● What the exercise asks:
In the listing below, find the line containing "Key Shape Beer" and the line containing "Collection of child". Repeat exactly those two lines and every line between them.

● Data supplied:

------------------------

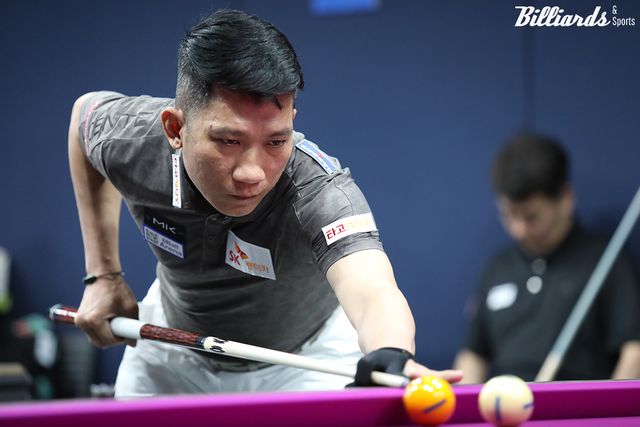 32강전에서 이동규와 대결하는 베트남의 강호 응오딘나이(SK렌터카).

------------------------

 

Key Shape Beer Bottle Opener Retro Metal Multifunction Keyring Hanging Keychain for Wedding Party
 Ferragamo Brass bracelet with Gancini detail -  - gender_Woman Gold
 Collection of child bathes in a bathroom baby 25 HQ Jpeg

------------------------

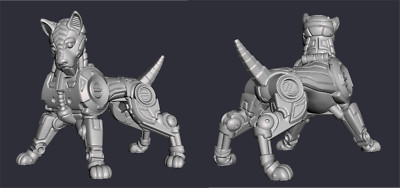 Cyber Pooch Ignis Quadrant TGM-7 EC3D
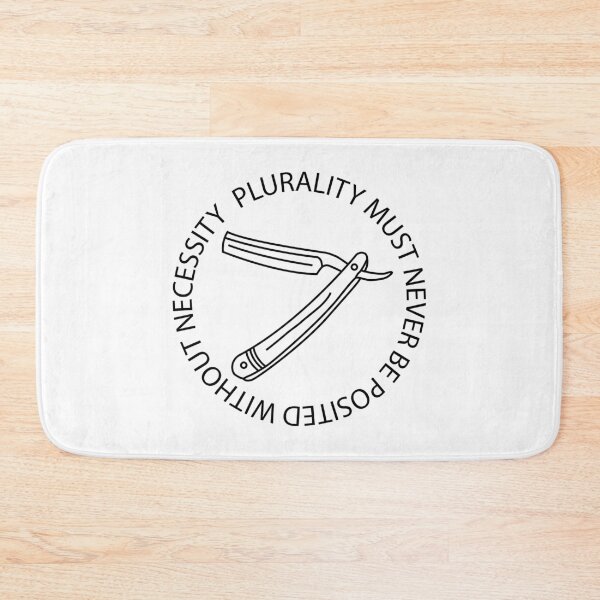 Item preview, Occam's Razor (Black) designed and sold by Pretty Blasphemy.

------------------------

● Result:
Key Shape Beer Bottle Opener Retro Metal Multifunction Keyring Hanging Keychain for Wedding Party
 Ferragamo Brass bracelet with Gancini detail -  - gender_Woman Gold
 Collection of child bathes in a bathroom baby 25 HQ Jpeg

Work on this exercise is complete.